Print version ISSN 0066-782X

Arq. Bras. Cardiol. vol.88 no.1 São Paulo Jan. 2007

http://dx.doi.org/10.1590/S0066-782X2007000100006 

ARTIGO ORIGINAL

 

Dieta vegetariana e níveis de colesterol e triglicérides

 

 

Simone Grigoletto De Biase; Sabrina Francine Carrocha Fernandes; Reinaldo José Gianini; João Luiz Garcia Duarte

Pontifícia Universidade Católica de São Paulo, São Paulo, SP

Correspondência

 

 


RESUMO

OBJETIVO: Comparar os valores de triglicérides (TG), colesterol total (CT), lipoproteína de baixa densidade (LDL) e lipoproteína de alta densidade (HDL) entre indivíduos vegetarianos e onívoros.
MÉTODOS: Foram coletadas amostras sangüíneas de 76 indivíduos, de ambos os sexos, que foram separados em quatro grupos de dieta: onívoro, ovolacto, lacto e vegetariano restrito (ou "vegan"). Foram dosados: CT, LDL, HDL e TG.
RESULTADOS: Para as taxas de CT, LDL e TG, observa-se diferença significante entre as amostras, sendo o maior valor nos onívoros, havendo decréscimo nos vegetarianos, de acordo com o grau de restrição de produtos de origem animal, sendo a menor taxa observada nos "vegans". A média e o desvio padrão do CT foram de 208,09 ± 49,09 mg/dl no grupo de onívoros, e 141,06 ± 30,56 mg/dl no de vegan (p < 0,001). Os valores de LDL foram, para onívoros e "vegans", respectivamente, 123,43 ± 42,67 mg/dl e 69,28 ± 29,53 mg/dl (p < 0,001). Para o TG, esses valores foram 155,68 ± 119,84 mg/dl e 81,67 ± 81,90 mg/dl (p < 0,01). Com relação à taxa de HDL, não houve diferença entre as amostras, mas a proporção HDL/CT foi significantemente maior nos "vegans" (p = 0,01).
CONCLUSÃO: A dieta vegetariana associou-se a menores valores de TG, CT e LDL em comparação com a dieta onívora.
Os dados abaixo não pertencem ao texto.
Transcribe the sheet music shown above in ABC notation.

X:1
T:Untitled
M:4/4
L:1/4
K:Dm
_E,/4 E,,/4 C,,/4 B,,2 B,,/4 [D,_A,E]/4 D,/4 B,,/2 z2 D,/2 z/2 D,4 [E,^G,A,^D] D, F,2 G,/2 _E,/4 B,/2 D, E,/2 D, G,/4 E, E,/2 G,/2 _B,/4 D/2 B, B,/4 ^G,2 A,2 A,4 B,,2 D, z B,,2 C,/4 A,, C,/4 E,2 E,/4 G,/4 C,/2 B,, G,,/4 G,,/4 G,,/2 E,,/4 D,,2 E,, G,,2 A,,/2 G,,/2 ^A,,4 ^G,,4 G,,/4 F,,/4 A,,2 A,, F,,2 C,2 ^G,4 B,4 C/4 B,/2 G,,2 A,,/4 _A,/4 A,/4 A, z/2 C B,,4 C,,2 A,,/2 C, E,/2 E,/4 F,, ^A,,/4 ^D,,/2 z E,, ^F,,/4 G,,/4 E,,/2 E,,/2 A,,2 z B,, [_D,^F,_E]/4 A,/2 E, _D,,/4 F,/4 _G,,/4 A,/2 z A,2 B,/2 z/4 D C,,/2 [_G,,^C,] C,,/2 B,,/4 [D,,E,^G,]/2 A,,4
Palavras-chave: Dieta vegetariana, colesterol, triglicérides.


 

 

A literatura existente afirma ocorrer associação entre os altos níveis de colesterol sérico e a incidência de doenças arteriais, especialmente a aterosclerose, que pode levar, dentre outros problemas, ao infarto do miocárdio e acidentes vasculares cerebrais1-6. Evidências recentes sugerem que o aumento do colesterol está também implicado como fator de risco para o mal de Alzheimer7,8.
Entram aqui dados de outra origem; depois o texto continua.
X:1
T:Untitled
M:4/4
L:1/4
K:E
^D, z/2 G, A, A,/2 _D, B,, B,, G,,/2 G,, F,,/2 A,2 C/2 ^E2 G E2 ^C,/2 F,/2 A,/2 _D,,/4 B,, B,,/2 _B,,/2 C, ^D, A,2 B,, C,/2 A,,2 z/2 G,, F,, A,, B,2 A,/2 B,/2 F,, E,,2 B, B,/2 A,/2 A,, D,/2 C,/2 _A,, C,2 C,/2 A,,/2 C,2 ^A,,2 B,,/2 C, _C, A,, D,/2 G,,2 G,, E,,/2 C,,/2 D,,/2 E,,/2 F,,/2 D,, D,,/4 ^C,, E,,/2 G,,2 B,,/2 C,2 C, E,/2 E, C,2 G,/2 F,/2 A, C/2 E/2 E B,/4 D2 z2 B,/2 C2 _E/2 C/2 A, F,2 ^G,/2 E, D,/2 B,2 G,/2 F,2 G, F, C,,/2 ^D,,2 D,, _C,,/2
O colesterol é transportado no sangue por meio de lipoproteínas. Entre elas estão: a lipoproteína de muito baixa densidade (VLDL), a lipoproteína de baixa densidade (LDL), e a lipoproteína de alta densidade (HDL). Diferentemente da VLDL e LDL, a HDL não possui a apolipoproteína B-100, que é reconhecida pelos tecidos, tendo, portanto, comportamento e função totalmente diferentes dessas outras. Ela é responsável pelo transporte reverso, que leva principalmente o colesterol dos tecidos para o fígado3, e, dessa forma, ajuda a proteger o indivíduo contra o desenvolvimento da aterosclerose. Assim, se a pessoa apresenta uma relação elevada entre lipoproteínas de alta densidade e de baixa densidade, a probabilidade de desenvolver aterosclerose fica consideravelmente diminuída4. Segundo o estudo Vahit9 (Veterans Affairs High Density Lipoprotein Cholesterol Intervention Trial), uma redução de 1 mg/dl no HDL resulta em aumento de 3%-4% na incidência de doença arterial coronariana. Níveis elevados de triglicérides também têm sido associados à maior incidência de doenças coronarianas por aterosclerose3.
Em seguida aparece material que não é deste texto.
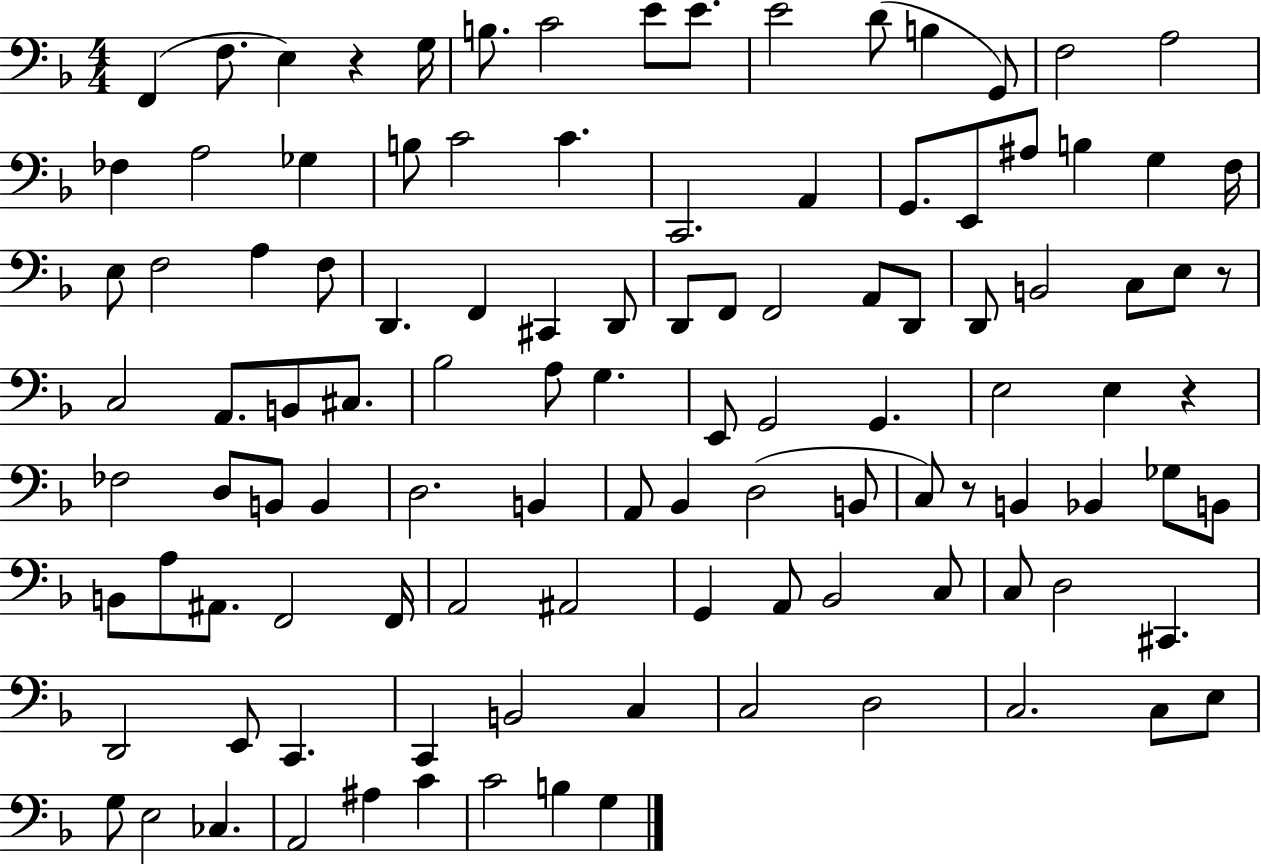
{
  \clef bass
  \numericTimeSignature
  \time 4/4
  \key f \major
  f,4( f8. e4) r4 g16 | b8. c'2 e'8 e'8. | e'2 d'8( b4 g,8) | f2 a2 | \break fes4 a2 ges4 | b8 c'2 c'4. | c,2. a,4 | g,8. e,8 ais8 b4 g4 f16 | \break e8 f2 a4 f8 | d,4. f,4 cis,4 d,8 | d,8 f,8 f,2 a,8 d,8 | d,8 b,2 c8 e8 r8 | \break c2 a,8. b,8 cis8. | bes2 a8 g4. | e,8 g,2 g,4. | e2 e4 r4 | \break fes2 d8 b,8 b,4 | d2. b,4 | a,8 bes,4 d2( b,8 | c8) r8 b,4 bes,4 ges8 b,8 | \break b,8 a8 ais,8. f,2 f,16 | a,2 ais,2 | g,4 a,8 bes,2 c8 | c8 d2 cis,4. | \break d,2 e,8 c,4. | c,4 b,2 c4 | c2 d2 | c2. c8 e8 | \break g8 e2 ces4. | a,2 ais4 c'4 | c'2 b4 g4 | \bar "|."
}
Cliffton e Nestel10 sugerem que o tipo de dieta teria pouca influência nos níveis de colesterol sérico; eles seriam determinados, quase que exclusivamente, pela atividade metabólica, a qual seria expressão da carga genética, e pela idade e sexo do indivíduo. Há, no entanto, evidências de que o consumo moderado de álcool provoca um aumento na fração HDL e estimula o transporte reverso de lípides11,12.

Pesquisas mostram também que determinadas dietas, como a Mediterrânea, colaboram para um melhor perfil colesterolêmico13. Da mesma forma, outros estudos concluíram que indivíduos com dieta vegetariana têm menores níveis de lipídios sangüíneos, principalmente LDL e triglicérides, em relação aos que comem carne14-18, 19, 20-22.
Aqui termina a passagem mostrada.